Nonetheless, a fair number of researchers are interested in trying to lengthen
telomeres as a potential way to treat illness or lengthen life, and in recent
years one research group has used gene therapy to raise levels of telomerase
in mice. This turns out to extend mouse life span, with the caveats that (a)
short-lived mammals like mice actually have quite different telomere dynamics
from long-lived mammals such as we humans, so it is far from clear as to what
the same thing would do in people, and (b) it is by no means certain what
exactly is going on under the hood here. Is telomerase keeping somatic cells
alive for longer, it is increasing stem cell activity, is it perhaps
interacting with mitochondria in some way to reduce their contribution to
aging, or is some other as yet undiscovered mechanism is at work?

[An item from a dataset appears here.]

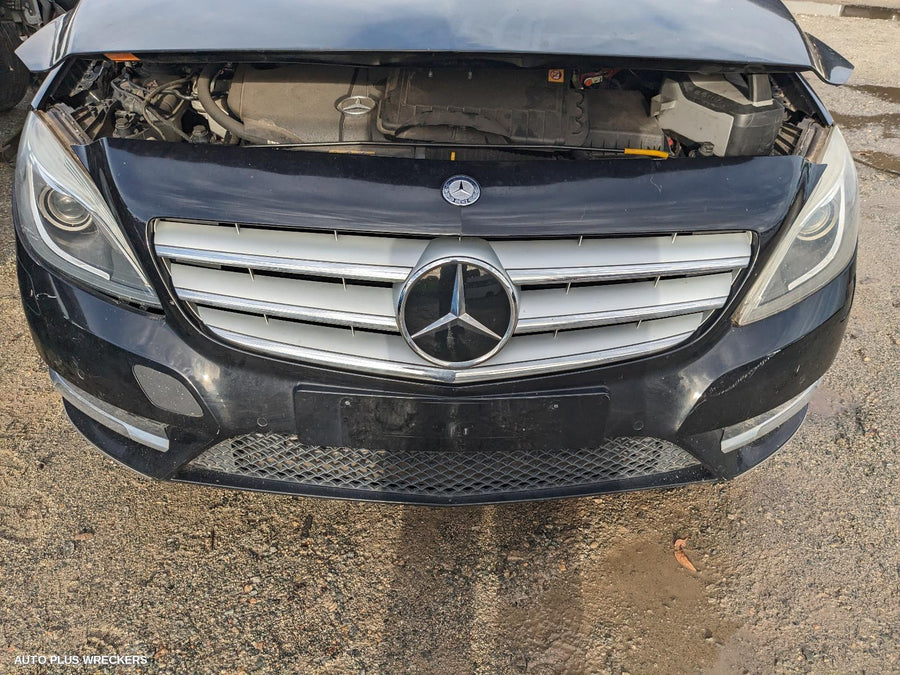 2013 Mercedes B Class Left Rear Door Sliding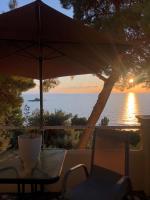 Onar by the sea apartments - B&B Kontogialós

Researchers will come to a conclusion at some point, as there seems to be slow
but steady progress towards further investigations of telomerase gene therapy
in mice. The same group that pioneered this approach is now heading down the
traditional path of attempts to apply this treatment as a late stage
intervention for age-related disease and dysfunction. They do this because it
is still the only practical way to bring treatments to the clinic these days:
approaches are inevitably sidelined into marginal applications intended to be
applied after the damage is done. It is a ridiculous situation, and one that
causes immense damage to the pace of progress by diverting researchers away
from producing methods of prevention.